Feisty (The Do-Over Series Book 3) by Julia Kent

Feisty (The Do-Over Series Book 3) by Julia Kent

Author:Julia Kent [Kent, Julia]
Language: eng
Format: epub
Published: 2020-01-27T18:30:00+00:00


Chapter 9

We're settling in for morning circle, the children in their slippers, Jahra and Janelle ready to start passing the sacred stone, when Mattie looks at me innocently and asks, “Miss Fiona, are you going to marry my Uncle Chris?”

“Huh?” I'm finishing my sip of tea as Mattie asks. Nineteen children turn to me, eyes curious.

Michelle and Ani's eyes have questions.

“My mommy told Uncle Chris that he should kiss you again. When people kiss, it means they want to get married. Are you going to marry Uncle Chris?”

“If she does, then Miss Fiona will be your cousin,” JoJo says with the gravity of someone who is completely wrong but has no idea.

“Not cousin. Aunt!” Myles calls out.

Half the students look at him in amazement. He's saying something unscripted.

And it's correct.

“I am not,” I say, a frog in my throat, “I am not going to talk about my private life.” Unfortunately, I’m not really ready to explain what that means to a group of four-year-olds.

“Is that like our private parts?” Jahra asks, looking at her lap with narrowed eyes.

“No, I don't mean–”

“Did Mattie's uncle give you a safe touch or an unsafe touch, Miss Fiona?” Janelle is in fiery warrior princess mode.

“He–”

“Private is personal! Adults don't touch you in your private places!” Myles shouts.

Michelle and Ani exchange a look.

I wave my hands. “All eyes here,” I declare, and they follow my command, which makes me feel, for a shred of a second, like I have some sliver of control. “We are not going to talk about me, or Mattie's uncle. We are here to learn about ferrets and pineapples today.”

“Do ferrets eat pineapples?”

“Are ferrets from Hawaii? My grandma went to Hawaii and ate pineapples.”

“When I eat pineapples, my tongue falls off.”

“Does not!”

“Does too!”

“Then how can you talk? I see your tongue!”

As the standard bickering begins, I breathe a sigh of relief. Whew. Saved from four-year-old curiosity by four-year-old arguing.

Michelle takes the peace stone gently from Janelle, who has dropped it unceremoniously next to her foot so she can enter into the fray, and says in a calm, authoritative, nonjudgmental voice, “I have the stone.”

The class goes quiet.

We spend the next two hours moving through work cycles, a group effort to test the hypothesis that ferrets don't lose their tongues when they eat pineapple.
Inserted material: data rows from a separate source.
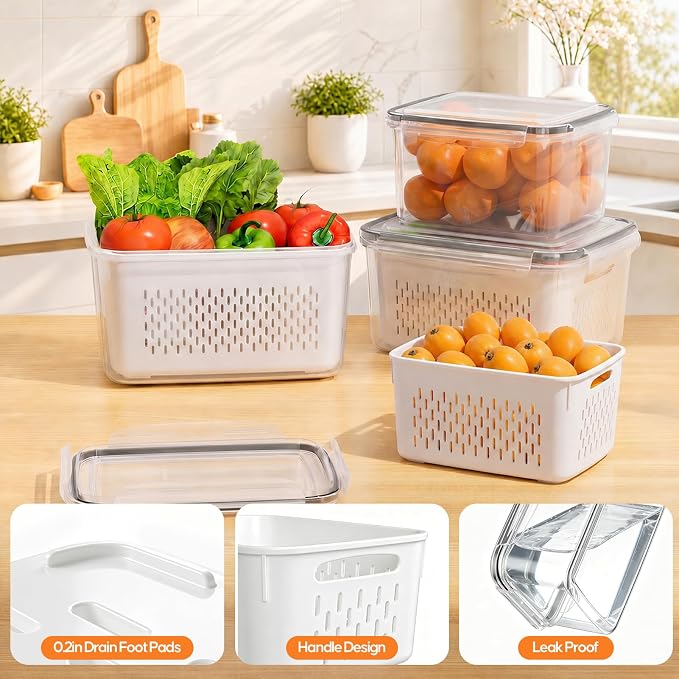 Fruit Storage Containers for Fridge, 3 Pack Plastic Food Storage Container | Produce Storage with Removable Colander, Refrigerator Organizers Keep Fruits Berry Veggie Salad Fresh Longer, Dishwasher Safe - Image 5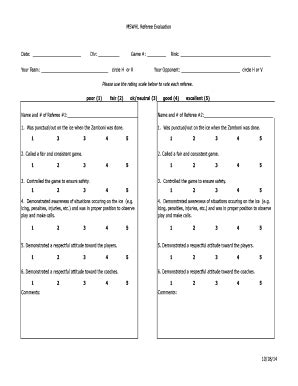 Fillable Online Please use the rating scale below to rate each referee ...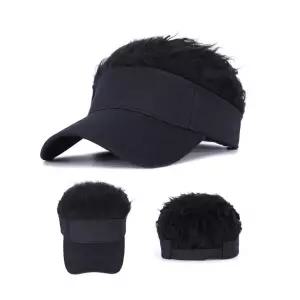 모자 골프 캡모자 패션 썬 가자 남녀공용 인모 염색머리 통가자 인모썬캡 가발통모자 검정색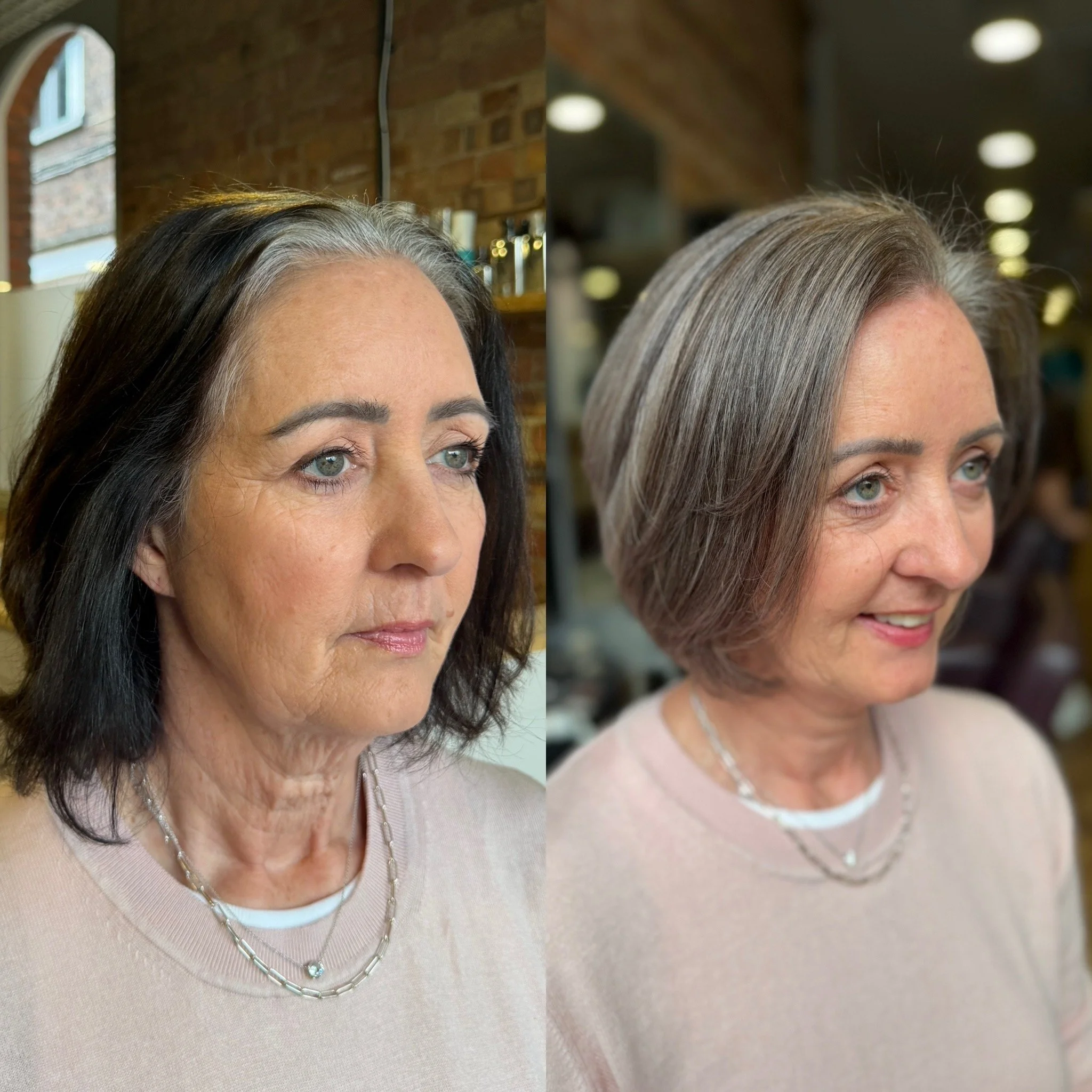 Before and after grey blending by Karla Osborne, from solid box-dyed brown to soft dimensional grey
Myles's mother helpfully lent me their family's pet ferret for this lesson, though I hadn't planned to feed it pineapple. I've done enough research to explain to the children that ferrets are carnivores and cannot digest fruits easily.

“But can he have a taste? Fairy the ferret really, really, really wants some!” JoJo squeaks as the animal wiggles in my hands.

“No!” Myles says, gleeful and excited to know something he can contribute. “He will be sick! We want him to be happy! Sick is not happy!”

“But I am happy when I eat pineapple,” JoJo argues.

“You're not a ferret,” Ani reminds her.

“I could be!”

Tap tap tap

Every student looks up, so startled as a group that two empty chairs behind standing children pitch backwards and fall with a muted thump on the braided rug.